Red Lodge Clay Center – Short-Term Resident 2018
Jake was born and raised in Helena, Montana where he spent much of his childhood exploring the outdoors. While studying psychology and neuroscience at Colorado College he often found himself in the school’s ceramic studio, and after graduating he decided to fully pursue ceramics. He spent time at Arrowmont School of Crafts and Penland School of Crafts as a work-study student, immersing himself in workshops before focusing his studio practice on wood and soda fired pots. He returned to Montana in 2016 to be closer to family and was quickly pulled into the clay community of Helena. He currently resides in Helena, where he works as a studio technician at the Archie Bray Foundation and continues to explore his love of clay and handmade pots.
I am endlessly drawn to clay as a material and to the duality of its working malleability and fired rigidity. I strive to make pots that exude the softness of wet clay, capturing a moment in time when they were made, yet which stand on their own as a vessel with the potential to survive much longer than myself. I am influenced by artifacts and decaying remnants of human life – things such as relics, old buildings, stone, and rusting metal which mark the effects of time, erosion, and growth.

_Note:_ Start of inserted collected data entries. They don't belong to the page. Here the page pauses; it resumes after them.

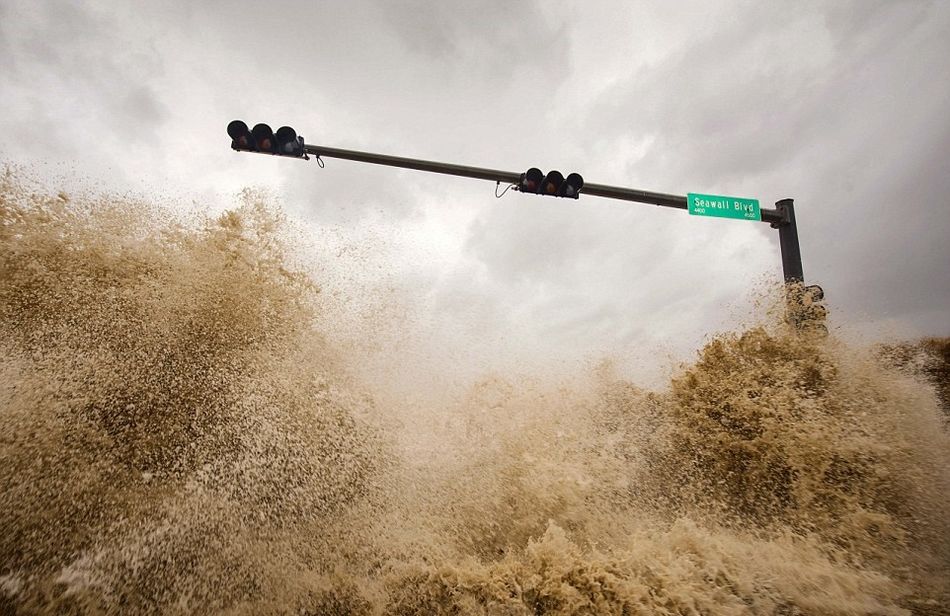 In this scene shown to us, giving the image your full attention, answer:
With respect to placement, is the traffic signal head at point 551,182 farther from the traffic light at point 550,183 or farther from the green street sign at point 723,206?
the green street sign at point 723,206

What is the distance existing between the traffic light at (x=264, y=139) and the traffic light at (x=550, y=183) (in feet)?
13.2

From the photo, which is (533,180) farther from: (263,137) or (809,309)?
(809,309)

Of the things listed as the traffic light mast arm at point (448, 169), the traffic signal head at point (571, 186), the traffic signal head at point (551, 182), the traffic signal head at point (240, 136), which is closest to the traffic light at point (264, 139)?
the traffic signal head at point (240, 136)

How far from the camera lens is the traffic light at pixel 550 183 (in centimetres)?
672

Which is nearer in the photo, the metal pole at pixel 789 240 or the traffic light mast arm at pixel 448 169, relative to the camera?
the traffic light mast arm at pixel 448 169

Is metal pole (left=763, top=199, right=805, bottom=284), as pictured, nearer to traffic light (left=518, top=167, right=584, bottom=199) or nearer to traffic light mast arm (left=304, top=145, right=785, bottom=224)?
traffic light mast arm (left=304, top=145, right=785, bottom=224)

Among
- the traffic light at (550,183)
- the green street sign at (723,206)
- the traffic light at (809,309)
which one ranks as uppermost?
the green street sign at (723,206)

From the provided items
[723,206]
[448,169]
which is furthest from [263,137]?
[723,206]

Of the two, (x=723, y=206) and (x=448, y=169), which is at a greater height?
(x=723, y=206)

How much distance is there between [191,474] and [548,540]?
201 inches

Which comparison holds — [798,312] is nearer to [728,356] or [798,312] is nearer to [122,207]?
→ [728,356]

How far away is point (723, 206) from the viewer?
24.1 ft

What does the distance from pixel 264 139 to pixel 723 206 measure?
27.8ft

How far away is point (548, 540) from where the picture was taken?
484 cm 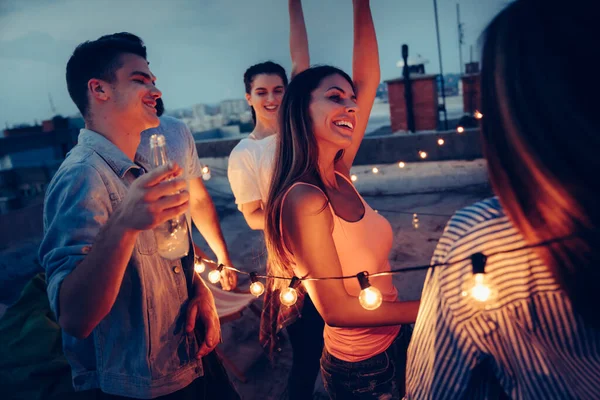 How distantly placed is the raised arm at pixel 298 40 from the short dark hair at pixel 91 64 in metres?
1.32

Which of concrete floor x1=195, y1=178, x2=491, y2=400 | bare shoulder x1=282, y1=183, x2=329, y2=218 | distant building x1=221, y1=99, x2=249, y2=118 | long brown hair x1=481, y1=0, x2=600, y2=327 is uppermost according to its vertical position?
distant building x1=221, y1=99, x2=249, y2=118

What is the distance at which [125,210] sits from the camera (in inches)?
47.9

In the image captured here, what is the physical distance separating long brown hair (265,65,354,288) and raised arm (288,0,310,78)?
868mm

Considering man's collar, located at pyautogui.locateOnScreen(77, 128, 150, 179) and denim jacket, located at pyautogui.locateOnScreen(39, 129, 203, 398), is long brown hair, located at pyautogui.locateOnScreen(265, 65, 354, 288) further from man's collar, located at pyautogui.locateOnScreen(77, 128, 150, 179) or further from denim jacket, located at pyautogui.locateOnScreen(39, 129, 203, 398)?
man's collar, located at pyautogui.locateOnScreen(77, 128, 150, 179)

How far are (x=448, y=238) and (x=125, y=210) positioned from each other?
1.00 meters

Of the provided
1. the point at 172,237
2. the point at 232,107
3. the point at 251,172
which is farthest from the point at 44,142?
the point at 232,107

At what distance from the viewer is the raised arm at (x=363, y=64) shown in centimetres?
242

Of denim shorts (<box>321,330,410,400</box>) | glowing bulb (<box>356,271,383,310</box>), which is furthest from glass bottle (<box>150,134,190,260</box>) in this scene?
denim shorts (<box>321,330,410,400</box>)

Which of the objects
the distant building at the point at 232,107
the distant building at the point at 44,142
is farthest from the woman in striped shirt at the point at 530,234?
the distant building at the point at 232,107

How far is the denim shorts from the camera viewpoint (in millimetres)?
1746

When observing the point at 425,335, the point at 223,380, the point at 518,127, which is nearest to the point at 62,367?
the point at 223,380

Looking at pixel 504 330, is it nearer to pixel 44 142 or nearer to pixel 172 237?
pixel 172 237

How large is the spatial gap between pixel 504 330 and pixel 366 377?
1074 mm

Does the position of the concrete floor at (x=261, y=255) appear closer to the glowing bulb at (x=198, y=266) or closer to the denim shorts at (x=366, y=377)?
the glowing bulb at (x=198, y=266) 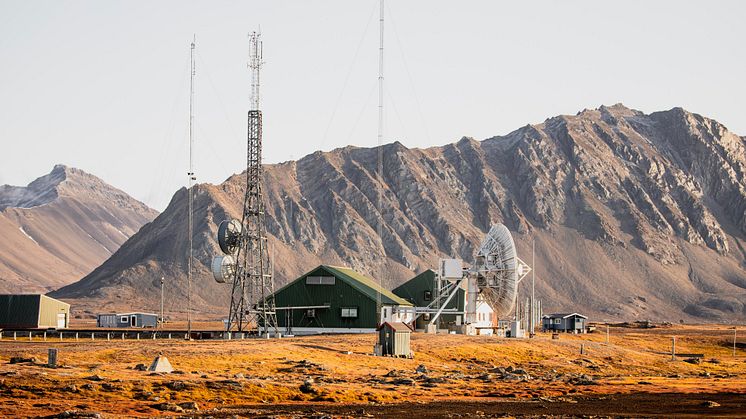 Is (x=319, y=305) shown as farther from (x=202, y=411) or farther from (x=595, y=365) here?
(x=202, y=411)

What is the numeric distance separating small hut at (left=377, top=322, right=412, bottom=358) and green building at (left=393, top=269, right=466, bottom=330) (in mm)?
34775

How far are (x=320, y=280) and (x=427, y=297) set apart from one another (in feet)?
50.5

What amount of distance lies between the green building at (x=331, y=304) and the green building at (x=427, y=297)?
649cm

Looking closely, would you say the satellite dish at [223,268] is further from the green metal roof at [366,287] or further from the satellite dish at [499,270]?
the satellite dish at [499,270]

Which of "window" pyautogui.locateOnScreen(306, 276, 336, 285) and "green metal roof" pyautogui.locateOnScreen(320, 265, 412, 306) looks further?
"window" pyautogui.locateOnScreen(306, 276, 336, 285)

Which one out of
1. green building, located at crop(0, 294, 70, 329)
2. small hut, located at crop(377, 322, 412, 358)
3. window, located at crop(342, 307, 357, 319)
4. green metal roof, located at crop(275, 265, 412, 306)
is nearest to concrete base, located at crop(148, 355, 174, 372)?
small hut, located at crop(377, 322, 412, 358)

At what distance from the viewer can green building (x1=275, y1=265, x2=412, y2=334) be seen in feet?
353

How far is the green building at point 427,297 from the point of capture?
4592 inches

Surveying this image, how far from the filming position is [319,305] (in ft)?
358

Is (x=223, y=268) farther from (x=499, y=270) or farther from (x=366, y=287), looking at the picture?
(x=499, y=270)

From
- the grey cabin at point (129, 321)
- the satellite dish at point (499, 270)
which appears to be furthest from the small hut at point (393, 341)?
the grey cabin at point (129, 321)

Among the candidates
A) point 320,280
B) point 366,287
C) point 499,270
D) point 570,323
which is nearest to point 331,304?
point 320,280

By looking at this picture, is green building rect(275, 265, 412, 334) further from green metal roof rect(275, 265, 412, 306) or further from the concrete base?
the concrete base

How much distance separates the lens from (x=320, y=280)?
110m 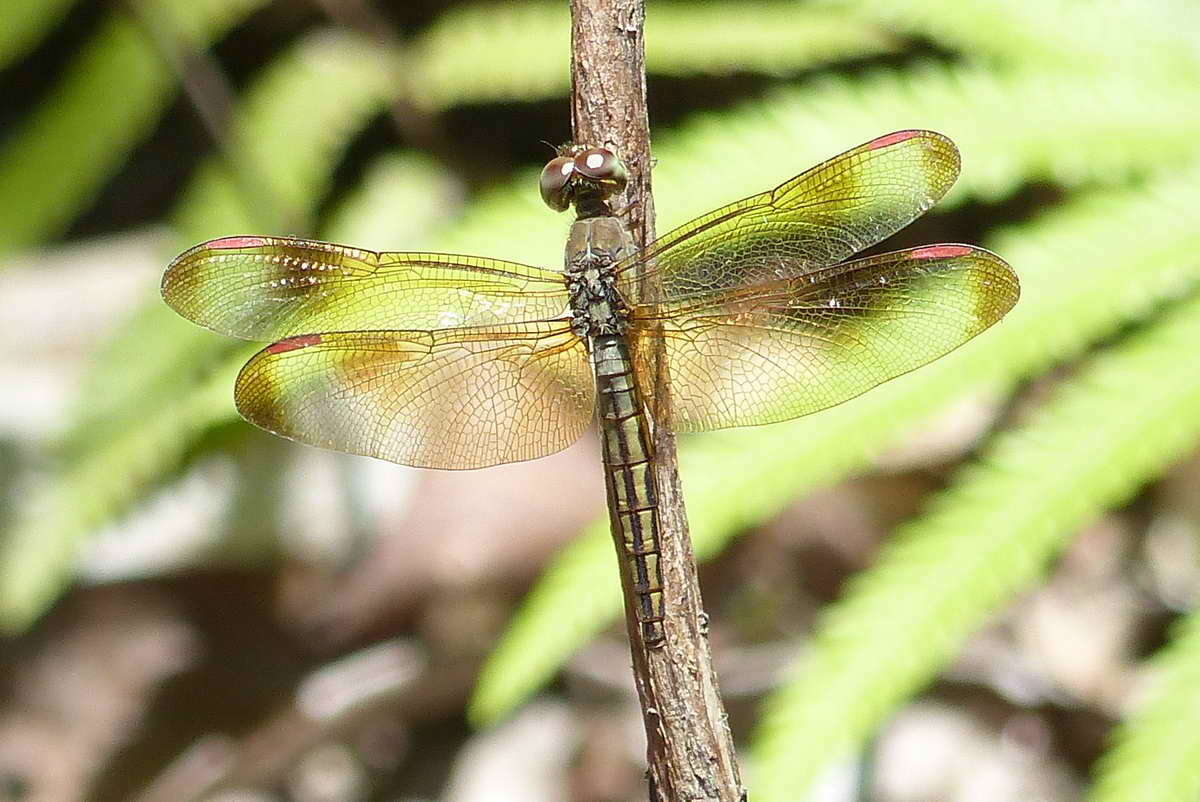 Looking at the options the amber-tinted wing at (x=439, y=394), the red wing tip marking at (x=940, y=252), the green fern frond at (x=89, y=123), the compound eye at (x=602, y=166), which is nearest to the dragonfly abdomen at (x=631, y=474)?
the amber-tinted wing at (x=439, y=394)

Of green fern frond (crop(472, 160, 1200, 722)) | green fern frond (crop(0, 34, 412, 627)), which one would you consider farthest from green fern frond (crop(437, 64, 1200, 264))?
green fern frond (crop(0, 34, 412, 627))

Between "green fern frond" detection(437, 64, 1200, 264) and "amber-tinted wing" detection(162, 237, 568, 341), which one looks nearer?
"amber-tinted wing" detection(162, 237, 568, 341)

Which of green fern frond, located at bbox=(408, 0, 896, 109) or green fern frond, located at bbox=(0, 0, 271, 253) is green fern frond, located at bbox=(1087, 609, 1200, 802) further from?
green fern frond, located at bbox=(0, 0, 271, 253)

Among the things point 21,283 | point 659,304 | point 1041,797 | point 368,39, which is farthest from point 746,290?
point 21,283

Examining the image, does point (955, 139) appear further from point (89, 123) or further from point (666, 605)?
point (89, 123)

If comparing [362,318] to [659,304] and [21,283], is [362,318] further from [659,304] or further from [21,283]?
[21,283] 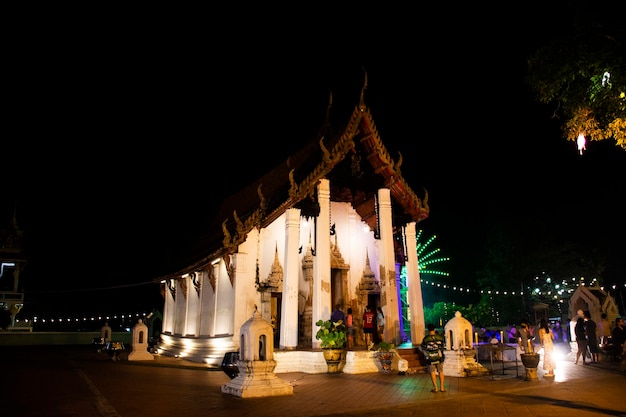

I have a profound love for my home state of Montana and the vast outdoors that I grew up exploring. The extreme landscape and climate shapes my decisions about forms, surface treatments, and firing techniques. I primarily fire my work in soda and wood kilns, which accentuate lines and curves much the way wind and snow accentuate the edges of trees or the slope of a hill. Dark clay sets a backdrop for soft slips and glazes to create veiled layers of depth. These rich surfaces capture the allure and the tension of clay that constantly motivates me and pushes the exploration of my work.